• **PROVIDED DATA**:
--- START ---
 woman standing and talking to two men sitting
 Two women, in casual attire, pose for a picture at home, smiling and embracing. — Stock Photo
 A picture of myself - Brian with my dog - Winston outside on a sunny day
--- END ---
--- START ---
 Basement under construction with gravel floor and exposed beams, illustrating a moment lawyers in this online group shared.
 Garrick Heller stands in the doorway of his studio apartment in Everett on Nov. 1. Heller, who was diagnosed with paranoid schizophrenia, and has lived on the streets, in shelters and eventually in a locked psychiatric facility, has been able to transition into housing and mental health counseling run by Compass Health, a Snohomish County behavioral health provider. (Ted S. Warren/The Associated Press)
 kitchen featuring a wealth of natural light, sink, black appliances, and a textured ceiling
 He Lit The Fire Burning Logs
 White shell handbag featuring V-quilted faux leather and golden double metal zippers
--- END ---
• **TASK STATEMENT**:
Among the entries above, the lines between the ones containing "woman standing and" and "A picture of", inclusive, are to be transcribed exactly. No other line is to be given.

• **EXERCISE RESPONSE**:
 woman standing and talking to two men sitting
 Two women, in casual attire, pose for a picture at home, smiling and embracing. — Stock Photo
 A picture of myself - Brian with my dog - Winston outside on a sunny day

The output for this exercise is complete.